Destinés à ne pas éveiller les soupçons, ces stratagèmes servent également un autre objectif, inconscient celui-ci : « Tandis que le malade est occupé à élaborer des techniques pour que son cancer reste invisible, “l’appareil à penser” est occupé et il ne réfléchit pas trop au futur, explique la spécialiste. Finalement, ce comportement permet aussi de tenir la maladie à distance, et c’est bénéfique. » Séverine se reconnaît bien dans cette situation. « Depuis l’annonce de mon cancer, j’ai fait le choix de cacher ma maladie à ma grand-mère ainsi qu’à mes petits frères. Lorsque je leur rends visite, je me fais belle, je mets ma prothèse, je me maquille, j’enfile ma perruque, j’ai l’impression d’être une actrice. Quelque part, ça m’aide à garder la tête hors de l’eau : il faut que je tienne le coup, au moins pour qu’ils ne se doutent de rien. »

Faire l’autruche…

Taire son cancer et affronter seule (ou presque) la maladie et les traitements, ça ressemble à du courage.

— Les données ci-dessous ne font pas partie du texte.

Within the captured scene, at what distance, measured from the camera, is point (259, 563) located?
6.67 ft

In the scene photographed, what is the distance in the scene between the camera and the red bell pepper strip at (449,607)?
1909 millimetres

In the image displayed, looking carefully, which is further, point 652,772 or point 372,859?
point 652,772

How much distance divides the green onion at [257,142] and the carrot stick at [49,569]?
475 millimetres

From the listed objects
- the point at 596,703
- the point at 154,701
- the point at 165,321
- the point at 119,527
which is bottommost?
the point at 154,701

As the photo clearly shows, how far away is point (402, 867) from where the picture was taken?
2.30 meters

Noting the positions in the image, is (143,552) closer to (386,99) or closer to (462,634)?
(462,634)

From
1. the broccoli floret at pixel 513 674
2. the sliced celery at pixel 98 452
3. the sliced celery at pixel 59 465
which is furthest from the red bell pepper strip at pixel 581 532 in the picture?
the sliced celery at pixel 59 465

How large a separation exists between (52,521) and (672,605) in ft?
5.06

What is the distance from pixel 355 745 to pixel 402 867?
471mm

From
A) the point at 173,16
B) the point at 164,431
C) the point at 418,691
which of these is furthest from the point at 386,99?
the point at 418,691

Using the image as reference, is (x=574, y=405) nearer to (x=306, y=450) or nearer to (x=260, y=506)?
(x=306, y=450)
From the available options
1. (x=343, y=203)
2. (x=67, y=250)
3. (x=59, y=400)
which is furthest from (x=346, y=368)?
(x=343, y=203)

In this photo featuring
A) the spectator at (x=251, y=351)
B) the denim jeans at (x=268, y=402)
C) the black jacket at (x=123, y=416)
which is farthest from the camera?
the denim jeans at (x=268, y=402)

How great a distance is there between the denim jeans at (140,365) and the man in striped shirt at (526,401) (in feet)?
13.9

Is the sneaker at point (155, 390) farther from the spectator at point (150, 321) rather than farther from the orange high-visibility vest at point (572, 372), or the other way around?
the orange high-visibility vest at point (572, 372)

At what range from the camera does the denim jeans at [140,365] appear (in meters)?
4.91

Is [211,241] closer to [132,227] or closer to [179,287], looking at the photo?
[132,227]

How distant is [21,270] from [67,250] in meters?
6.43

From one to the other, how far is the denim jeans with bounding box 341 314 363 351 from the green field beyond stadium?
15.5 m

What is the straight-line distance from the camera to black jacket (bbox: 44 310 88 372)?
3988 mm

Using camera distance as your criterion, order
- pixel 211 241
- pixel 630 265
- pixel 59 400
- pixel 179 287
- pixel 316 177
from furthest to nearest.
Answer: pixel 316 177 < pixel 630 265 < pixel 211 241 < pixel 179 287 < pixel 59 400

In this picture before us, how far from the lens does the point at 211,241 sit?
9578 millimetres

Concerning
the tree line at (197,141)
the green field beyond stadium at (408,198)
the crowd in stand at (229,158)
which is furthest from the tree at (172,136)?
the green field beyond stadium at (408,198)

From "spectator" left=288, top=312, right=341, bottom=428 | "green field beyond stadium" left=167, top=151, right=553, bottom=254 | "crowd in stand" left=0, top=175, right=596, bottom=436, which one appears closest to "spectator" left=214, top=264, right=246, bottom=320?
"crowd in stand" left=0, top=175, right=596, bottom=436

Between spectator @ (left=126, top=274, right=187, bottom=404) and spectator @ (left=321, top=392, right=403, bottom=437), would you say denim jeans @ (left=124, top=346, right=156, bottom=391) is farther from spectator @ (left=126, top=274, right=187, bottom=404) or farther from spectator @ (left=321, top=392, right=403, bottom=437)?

Pourtant, selon Valérie Gasne, les femmes concernées n’ont pas toujours le choix. « Dans certaines familles, la culture du secret est très ancrée : on ne parle pas de ses problèmes et encore moins des choses intimes. Il faut se taire. » Pire : d’après la spécialiste, c’est parfois la société elle-même qui impose le silence aux malades. « Dans le discours ambiant, la femme d’aujourd’hui doit pouvoir tout mener de front : sa vie de famille, son travail, ses loisirs. Il faut être une Superwoman : pas de place pour la faiblesse, même passagère ! Alors on souffre en silence… et avec le sourire s’il-vous-plaît. » Sarah non plus n’a pas l’impression d’avoir eu le choix. Mais dans son cas, la censure semblait plutôt venir d’elle. « J’ai vécu l’annonce de mon cancer comme un coup de tonnerre : j’étais jeune, j’avais une hygiène de vie irréprochable, ça ne pouvait pas m’arriver, pas à moi. Du coup, je n’ai simplement pas réussi à annoncer la nouvelle à mon mari et à mes enfants. Les mots restaient coincés dans ma gorge. Il m’a fallu un mois de silence et une bonne dispute avec mon mari, qui ne comprenait pas ce que j’avais, pour que je parvienne à dire “j’ai le cancer”. »

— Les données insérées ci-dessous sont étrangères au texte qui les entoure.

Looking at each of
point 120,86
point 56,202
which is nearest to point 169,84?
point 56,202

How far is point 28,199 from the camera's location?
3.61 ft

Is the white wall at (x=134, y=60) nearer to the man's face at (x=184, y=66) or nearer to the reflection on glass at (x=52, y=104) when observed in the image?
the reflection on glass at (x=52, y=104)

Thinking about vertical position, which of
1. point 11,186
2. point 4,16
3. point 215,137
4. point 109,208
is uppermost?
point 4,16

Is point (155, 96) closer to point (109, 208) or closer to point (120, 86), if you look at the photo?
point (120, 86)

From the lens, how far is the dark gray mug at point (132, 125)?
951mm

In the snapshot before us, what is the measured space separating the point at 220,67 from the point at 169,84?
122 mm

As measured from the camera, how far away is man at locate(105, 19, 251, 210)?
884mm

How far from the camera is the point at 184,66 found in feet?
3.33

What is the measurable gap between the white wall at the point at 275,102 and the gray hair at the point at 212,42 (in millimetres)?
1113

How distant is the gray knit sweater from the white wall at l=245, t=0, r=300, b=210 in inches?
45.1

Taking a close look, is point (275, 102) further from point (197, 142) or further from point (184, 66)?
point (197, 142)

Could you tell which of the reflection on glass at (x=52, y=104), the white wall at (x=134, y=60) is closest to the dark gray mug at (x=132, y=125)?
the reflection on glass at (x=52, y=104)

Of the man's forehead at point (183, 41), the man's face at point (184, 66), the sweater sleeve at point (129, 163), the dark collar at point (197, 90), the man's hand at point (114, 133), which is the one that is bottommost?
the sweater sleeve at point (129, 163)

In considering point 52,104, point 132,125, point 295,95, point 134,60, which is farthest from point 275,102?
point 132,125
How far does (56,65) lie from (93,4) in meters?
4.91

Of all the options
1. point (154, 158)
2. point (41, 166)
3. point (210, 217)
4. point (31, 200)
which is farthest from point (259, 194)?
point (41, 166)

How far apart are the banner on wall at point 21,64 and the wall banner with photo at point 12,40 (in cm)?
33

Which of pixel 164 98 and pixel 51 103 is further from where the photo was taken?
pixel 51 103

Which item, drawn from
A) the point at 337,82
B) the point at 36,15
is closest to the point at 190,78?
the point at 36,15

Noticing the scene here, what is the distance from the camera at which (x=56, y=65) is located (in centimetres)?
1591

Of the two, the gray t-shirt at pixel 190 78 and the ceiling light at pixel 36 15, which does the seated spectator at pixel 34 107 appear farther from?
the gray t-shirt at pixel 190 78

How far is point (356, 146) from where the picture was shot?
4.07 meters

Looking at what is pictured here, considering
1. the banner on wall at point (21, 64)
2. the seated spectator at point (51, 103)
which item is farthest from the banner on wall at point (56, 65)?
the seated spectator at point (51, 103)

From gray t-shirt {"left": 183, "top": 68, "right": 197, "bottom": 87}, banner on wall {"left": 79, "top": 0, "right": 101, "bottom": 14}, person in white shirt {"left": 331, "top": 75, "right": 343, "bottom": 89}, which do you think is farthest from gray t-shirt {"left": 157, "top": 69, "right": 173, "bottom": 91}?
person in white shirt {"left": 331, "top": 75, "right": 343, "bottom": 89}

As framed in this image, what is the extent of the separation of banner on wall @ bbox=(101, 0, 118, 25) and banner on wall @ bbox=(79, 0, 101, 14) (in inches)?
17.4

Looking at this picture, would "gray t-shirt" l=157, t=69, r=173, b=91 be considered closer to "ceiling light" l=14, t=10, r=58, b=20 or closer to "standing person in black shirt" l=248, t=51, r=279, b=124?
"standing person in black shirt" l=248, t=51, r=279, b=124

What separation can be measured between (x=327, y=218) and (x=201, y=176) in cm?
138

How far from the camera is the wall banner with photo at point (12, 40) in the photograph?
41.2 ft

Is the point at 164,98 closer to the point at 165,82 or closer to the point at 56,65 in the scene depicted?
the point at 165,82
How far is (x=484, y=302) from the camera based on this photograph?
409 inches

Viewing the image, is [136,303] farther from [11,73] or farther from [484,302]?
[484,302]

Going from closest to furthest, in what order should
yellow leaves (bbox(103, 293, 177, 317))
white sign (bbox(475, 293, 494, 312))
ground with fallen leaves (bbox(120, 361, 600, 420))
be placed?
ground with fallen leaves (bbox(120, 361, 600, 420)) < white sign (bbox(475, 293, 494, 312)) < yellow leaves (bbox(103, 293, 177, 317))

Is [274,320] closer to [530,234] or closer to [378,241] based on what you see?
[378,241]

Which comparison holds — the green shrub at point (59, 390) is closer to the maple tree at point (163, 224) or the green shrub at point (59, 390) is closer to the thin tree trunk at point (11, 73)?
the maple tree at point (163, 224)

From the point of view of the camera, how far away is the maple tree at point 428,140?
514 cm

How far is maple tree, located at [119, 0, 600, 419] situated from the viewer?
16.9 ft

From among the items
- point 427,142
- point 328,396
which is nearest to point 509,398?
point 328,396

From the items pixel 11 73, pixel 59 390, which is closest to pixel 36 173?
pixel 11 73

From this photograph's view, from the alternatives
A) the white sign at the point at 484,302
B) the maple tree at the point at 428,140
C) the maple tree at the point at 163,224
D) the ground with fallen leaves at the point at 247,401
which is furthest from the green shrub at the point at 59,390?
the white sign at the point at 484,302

« Taire sa maladie, ça peut aussi être une manière de faire l’autruche », confirme la psychologue. En d’autres termes : « Si je n’en parle pas, ça n’existe pas… » « Lorsque j’ai raconté à mon cancérologue que je ne souhaitais rien dire à ma famille (à cause du mariage de mon aînée et du baccalauréat de ma cadette), j’ai eu le sentiment qu’il approuvait ma démarche, se souvient Anne. Il m’a dit : “Vous avez raison, il faut donner priorité à la vie” et c’est, je pense, exactement ce que j’ai fait. Je n’ai pas autorisé le cancer à me voler ma vie. »

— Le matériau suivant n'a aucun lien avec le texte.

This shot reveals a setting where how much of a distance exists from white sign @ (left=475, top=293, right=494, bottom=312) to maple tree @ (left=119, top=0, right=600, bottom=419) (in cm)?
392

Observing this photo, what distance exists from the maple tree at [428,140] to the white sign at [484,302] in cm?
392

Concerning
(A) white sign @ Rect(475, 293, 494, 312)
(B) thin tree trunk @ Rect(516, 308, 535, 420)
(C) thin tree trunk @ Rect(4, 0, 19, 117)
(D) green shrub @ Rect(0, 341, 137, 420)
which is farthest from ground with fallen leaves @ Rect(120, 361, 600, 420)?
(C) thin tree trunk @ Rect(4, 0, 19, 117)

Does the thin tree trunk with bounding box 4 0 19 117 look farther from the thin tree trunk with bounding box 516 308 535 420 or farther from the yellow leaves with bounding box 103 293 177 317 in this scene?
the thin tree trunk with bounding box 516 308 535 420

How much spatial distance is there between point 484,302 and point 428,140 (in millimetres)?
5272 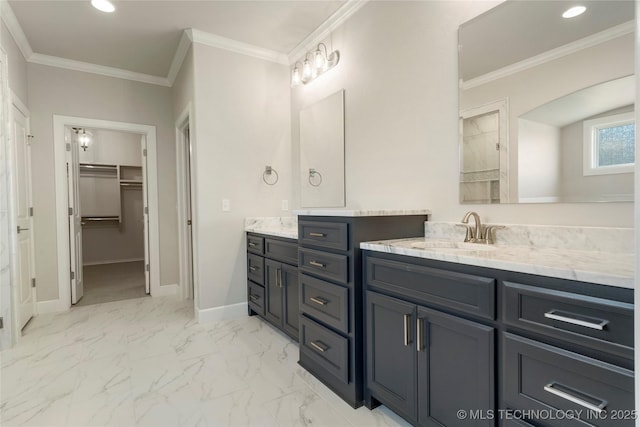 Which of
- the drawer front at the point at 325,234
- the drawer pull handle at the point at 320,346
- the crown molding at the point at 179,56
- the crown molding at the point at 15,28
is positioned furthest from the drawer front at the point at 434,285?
the crown molding at the point at 15,28

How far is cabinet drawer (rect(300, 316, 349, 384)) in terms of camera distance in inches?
68.3

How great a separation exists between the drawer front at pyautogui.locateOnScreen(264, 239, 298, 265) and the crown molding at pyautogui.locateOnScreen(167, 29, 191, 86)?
2.03m

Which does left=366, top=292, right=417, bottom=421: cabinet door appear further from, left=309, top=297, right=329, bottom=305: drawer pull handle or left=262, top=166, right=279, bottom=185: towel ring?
left=262, top=166, right=279, bottom=185: towel ring

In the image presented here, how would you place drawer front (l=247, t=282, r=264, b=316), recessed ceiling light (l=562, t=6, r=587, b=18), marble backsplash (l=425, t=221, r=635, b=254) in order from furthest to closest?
drawer front (l=247, t=282, r=264, b=316)
recessed ceiling light (l=562, t=6, r=587, b=18)
marble backsplash (l=425, t=221, r=635, b=254)

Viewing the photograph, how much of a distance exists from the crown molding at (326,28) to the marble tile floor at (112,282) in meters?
3.35

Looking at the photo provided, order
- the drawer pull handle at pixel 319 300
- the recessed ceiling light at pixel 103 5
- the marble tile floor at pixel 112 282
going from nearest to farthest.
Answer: the drawer pull handle at pixel 319 300, the recessed ceiling light at pixel 103 5, the marble tile floor at pixel 112 282

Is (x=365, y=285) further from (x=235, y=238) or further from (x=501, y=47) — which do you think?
(x=235, y=238)

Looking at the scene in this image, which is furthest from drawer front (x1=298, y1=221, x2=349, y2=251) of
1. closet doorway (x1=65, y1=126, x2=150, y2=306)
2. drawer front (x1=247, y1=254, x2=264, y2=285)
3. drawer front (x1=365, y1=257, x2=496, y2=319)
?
closet doorway (x1=65, y1=126, x2=150, y2=306)

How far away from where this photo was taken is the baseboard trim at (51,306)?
11.1ft

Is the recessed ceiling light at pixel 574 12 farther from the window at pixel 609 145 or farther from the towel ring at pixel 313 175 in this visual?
the towel ring at pixel 313 175

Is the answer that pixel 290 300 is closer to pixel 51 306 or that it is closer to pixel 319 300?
pixel 319 300

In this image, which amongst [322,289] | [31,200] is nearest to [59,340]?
[31,200]

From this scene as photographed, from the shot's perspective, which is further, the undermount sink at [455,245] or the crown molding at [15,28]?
the crown molding at [15,28]

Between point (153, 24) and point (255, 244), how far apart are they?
6.95 ft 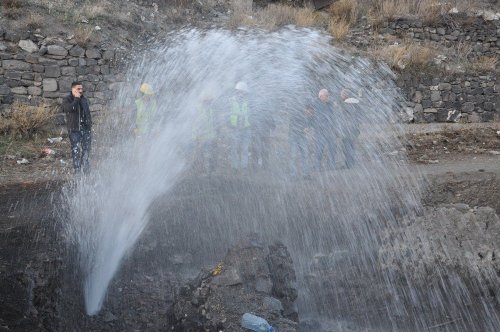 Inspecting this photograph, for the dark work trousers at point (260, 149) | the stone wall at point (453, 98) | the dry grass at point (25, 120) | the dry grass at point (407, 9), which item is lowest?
the stone wall at point (453, 98)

Benjamin Berbez, sociologue, anthropologue, philosophe

« Taire son cancer c’est un droit et une liberté »

« En l’espace de quelques décennies seulement, la perception du cancer a beaucoup évolué. Dans les années 1960, il ne fallait surtout pas en parler. C’était une maladie taboue, une expérience purement individuelle synonyme d’isolement. Dans les années 1990, on a observé le phénomène inverse : il fallait s’exprimer, vivre sa maladie de manière collective. Je crois qu’en 2018 on en a fini avec les injonctions : les malades peuvent décider de parler ou pas de leur cancer. Les progrès de la médecine donnent d’ailleurs le choix aux patients puisqu’un malade du cancer, désormais, ne se repère plus forcément au premier coup d’œil… On ne doit pas forcément la vérité à tout le monde sur notre état de santé – la récente adoption du droit à l’oubli pour les malades du cancer le montre bien. On peut tout à fait cacher son cancer pour des motifs positifs : conserver une identité sociale, respecter des valeurs, ne pas entraver la progression d’une carrière… Taire son cancer, c’est un droit et une liberté. Qui peut néanmoins avoir des conséquences difficiles à assumer. Choisir de le cacher à la famille, notamment, c’est décider à sa place ce qu’elle est capable d’entendre ou pas : cette logique du « je sais mieux que toi ce qui est bon pour toi » peut constituer une privation de sa liberté, et un motif de reproche. Chaque patient doit bien peser le pour et le contre, car la liberté du choix donne aussi… des responsabilités. »

* Et coauteur de La Dynamique sociale des subjectivités en cancérologie (éd. Érès, 2016).

Apolline Henry

* Certains prénoms ont été modifiés.